Julia Brown and Gabrielle Carey write:
If the current pandemic has highlighted one thing, it is how the biological and the social are intimately entangled, particularly in relation to mental health.
‘Syndemic’ is a term used by medical anthropologists to describe how an epidemic involves a clustering of diseases and social and economic problems.
The syndemic nature of COVID-19 is clear: while the virus might be potentially deadly, it is the threat to livelihoods and social connection that is creating a ‘generational mental health crisis’.
Until now, when looking for explanations for mental illness, the default has usually been to dismiss social determinants in favour of biochemical explanations.
But the recent recognition by the Federal Government that more Australians than ever before are vulnerable to mental distress is also a long overdue recognition that mental health depends as much on collective social health as it does on individual biology.
Perhaps the gift of COVID-19 is to finally reveal the reality of mental illness – as embodied responses to social conditions.
Social isolation
For hundreds of thousands of Australians with mental illness, this ‘new normal’ is not new at all.

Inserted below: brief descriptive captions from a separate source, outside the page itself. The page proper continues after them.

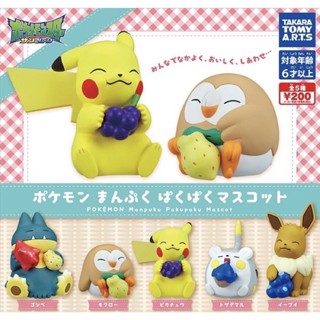 T-ARTS-精靈寶可夢 飽食公仔 P1 小卡比獸 伊布 木木梟 神奇寶貝 水果 全5種■全新未使用附蛋紙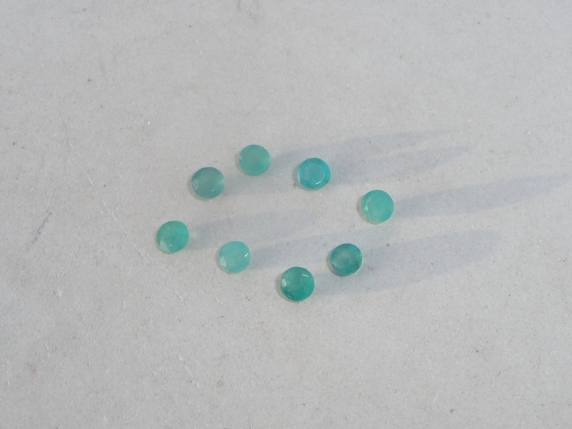 Over 1 carat Colombian emerald round gem parcel 3mm each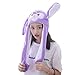 Debbieicy Lovely Costume Props Plush Bunny Hat Cute Animal with Movable Ears-Ideal Gift for Party and Celebrations (Purple Rabbit)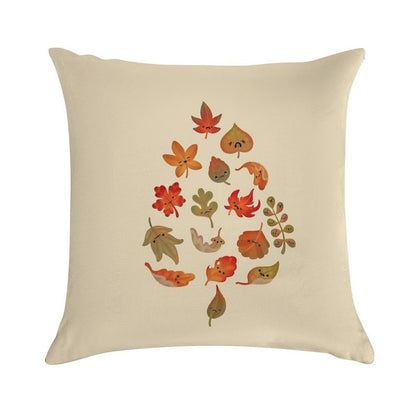 Sad Fallen Leaves Soft Fade-Resistant Throw Pillow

The second national survey into people living with psychosis (2010) concluded that the most significant challenge for this population – after finance – was loneliness and social isolation.

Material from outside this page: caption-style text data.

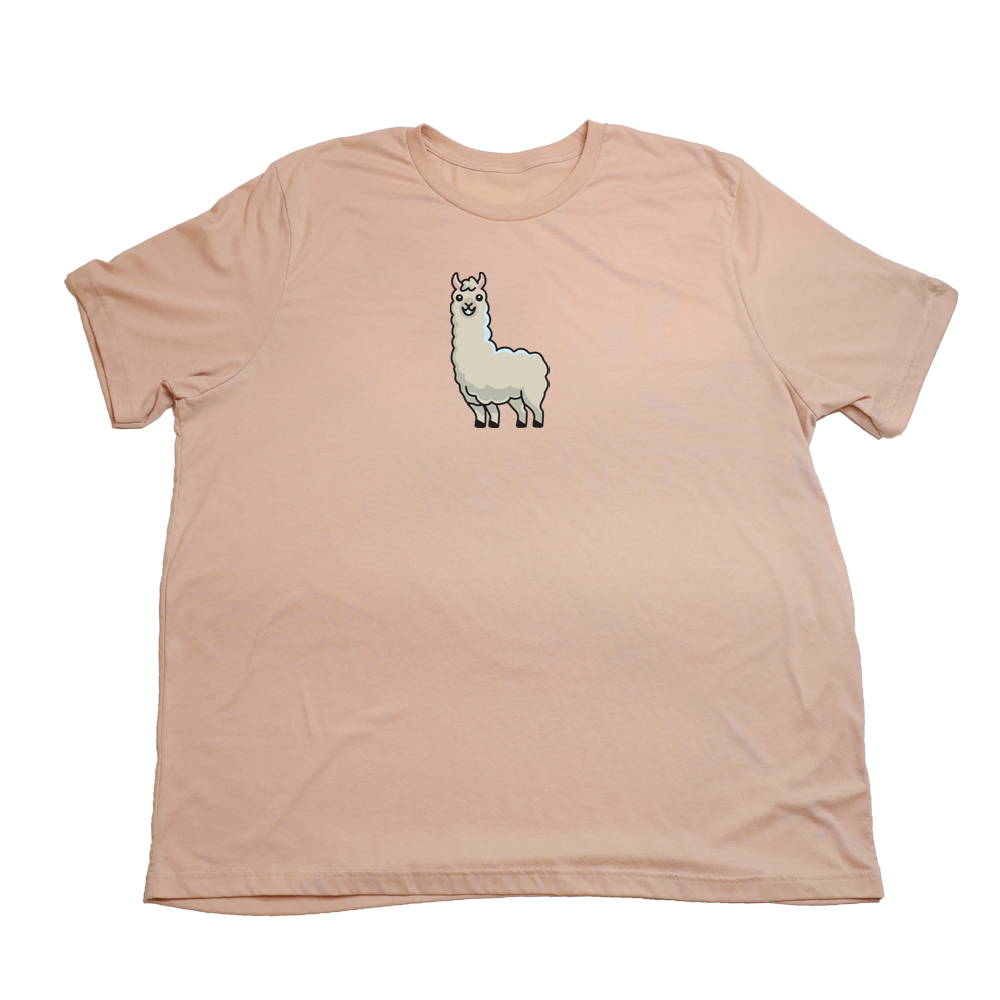 Heather Peach Llama Giant Shirt
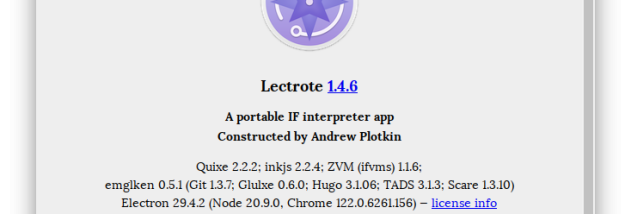 Lectrote screenshot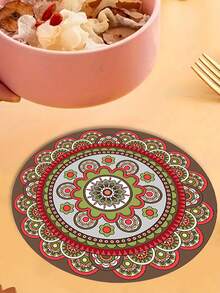 耐热茶壶垫、杯垫、餐桌垫、防烫橡胶杯垫、可爱盘子、碗垫 - 彩色 - 查看 8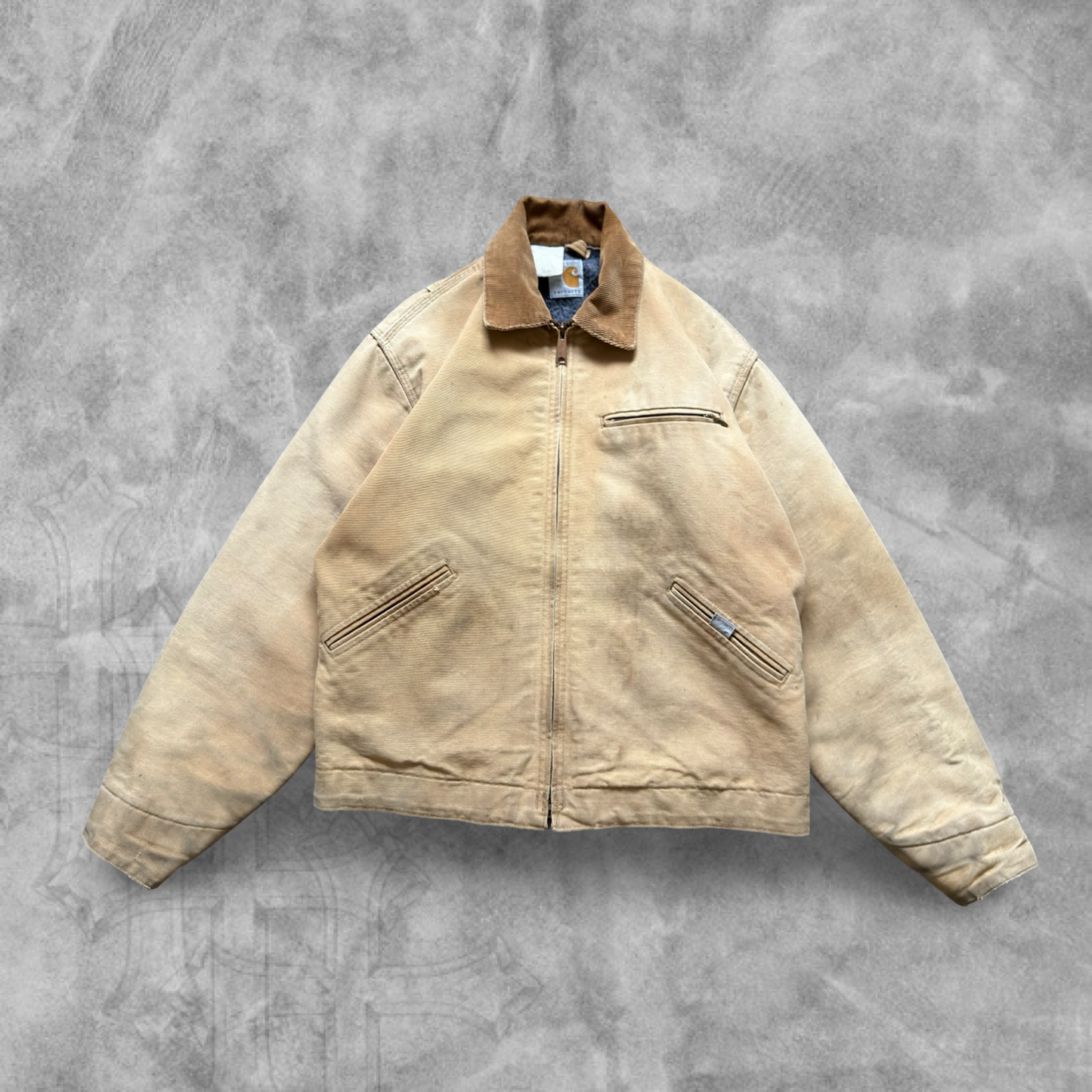 Tan Carhartt Detroit Jacket 1980s (S)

“People with mental illness are feeling a bit more normal now because a lot of people are in the same isolation and financial distress boat,” says John, a mental health peer worker who has various physical, mental and social disadvantages as a result of his diagnosis of schizophrenia. “Everyone’s experiencing what I go through every day.”
John’s story
John’s experience of schizophrenia exemplifies how even the most severe of mental illnesses are socially shaped.
Having grown up in an Australian country town, he headed to London as a 20-something economics graduate in the 1990s to work at the multinational corporation Enron. He soon found himself feeling deeply suspicious about the work he was asked to do and, while distracting himself with dating and surfing the internet amid interminable bank reconciliations, he foresaw disaster.

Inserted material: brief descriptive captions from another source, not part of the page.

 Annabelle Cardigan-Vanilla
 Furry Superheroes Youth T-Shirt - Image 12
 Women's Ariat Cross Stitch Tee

Like many of his colleagues, John took to binge drinking on Fridays after work. He started to feel increasingly worried about his work situation. Until one weekend he experienced his first psychotic episode. Then his second. By the third hospital admission, the word ‘schizophrenia’ had entered his discharge summary.
Soon after he returned to Australia, Enron folded due to accounting fraud; John had not been paranoid – his sense of moral injustice had been painfully accurate – but his psychosis had already taken hold.
Support aids recovery
John sees parallels with the onset of COVID-19 and the onset of his illness:
At one stage I’m working in London, the next thing I’m just hanging out in the back bedroom at my parents’ place – it’s kind of like that again, life’s just come to a screaming halt …
I didn’t have much hope back in the day when I first got schizophrenia.
But now I’m thinking I’m lucky – I can see out the other side of this [pandemic] because I’ve been through something like this before.”
John is certain that his remarkable recovery from schizophrenia is due to the support of a partner, a flatmate, his parents, and a reliable community network, as much as it is his medical treatments (antipsychotic drugs and trauma-focused therapy).
As social restrictions and economic precarity threaten mental health, it is becoming clearer that social connection is equally as important as hospitals, doctors and medicine in helping people recover and that social inclusion is essential to recovery from even the most severe forms of mental illness such as schizophrenia.
The increased funding to mental health services is welcome but just as urgently needed is an awareness that we are relying on a change in collective social behaviours to stop this virus spreading. We can use the same approach to help people recover from mental illness.
Dr Julia Brown, Postdoctoral Scholar at the University of California, San Francisco, and Honorary Visiting Fellow at the University of Technology Sydney, researches bioethics and healthcare.
Dr Gabrielle Carey, Senior Lecturer at University of Technology Sydney, is the author of 10 books and is currently writing about the impact of mental illness on families.